**WHAT YOU HAVE TO DO**
Make an exact copy of the records below, excluding images.

BEGIN SUPPLIED MATERIAL

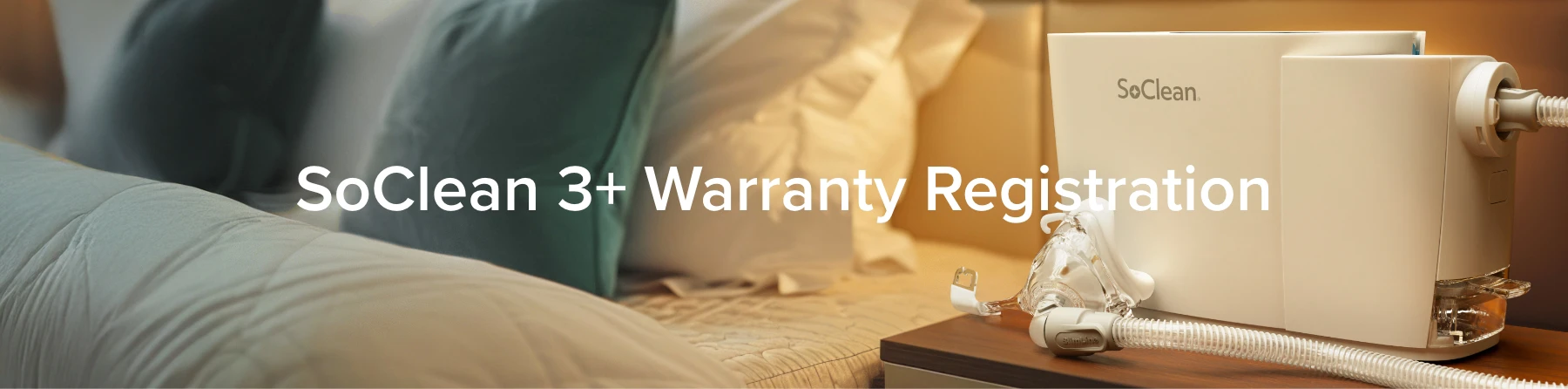 Register your SoClean 3+.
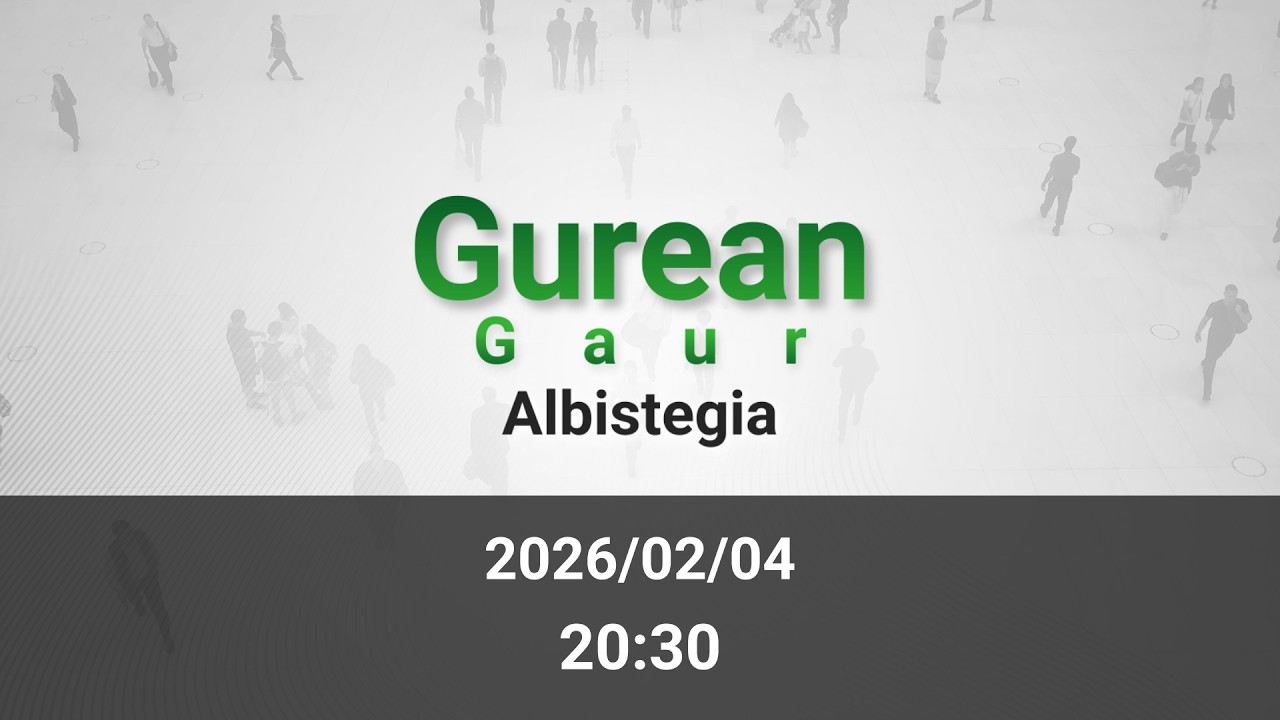 GAUEKO ALBISTEGIA 2026/02/04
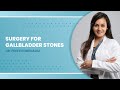 Surgery for GallBladder Stones | Dr. Preethi Mrinalini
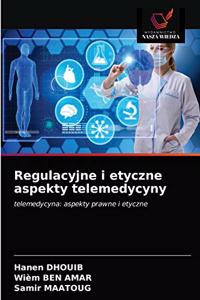 Regulacyjne i etyczne aspekty telemedycyny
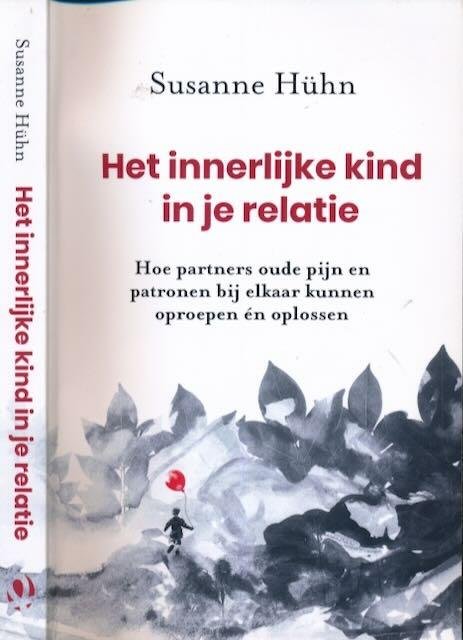 Hühn, Susanne - Het innerlijke kind in je relatie: Hoe partners oude pijn en patronen bij elkaar kunnen oproepen én oplossen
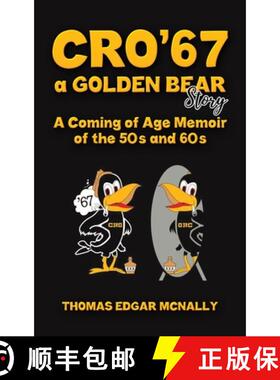 【3-4周达】CRO’67 a Golden Bear Story: A Coming of Age Memoir of the 50s and 60s [9798891559240]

END SUPPLIED MATERIAL

**SOLUTION FOR THIS TASK**
 Register your SoClean 3+.
 GAUEKO ALBISTEGIA 2026/02/04
 Surgery for GallBladder Stones | Dr. Preethi Mrinalini
 Regulacyjne i etyczne aspekty telemedycyny
 Hühn, Susanne - Het innerlijke kind in je relatie: Hoe partners oude pijn en patronen bij elkaar kunnen oproepen én oplossen
 【3-4周达】CRO’67 a Golden Bear Story: A Coming of Age Memoir of the 50s and 60s [9798891559240]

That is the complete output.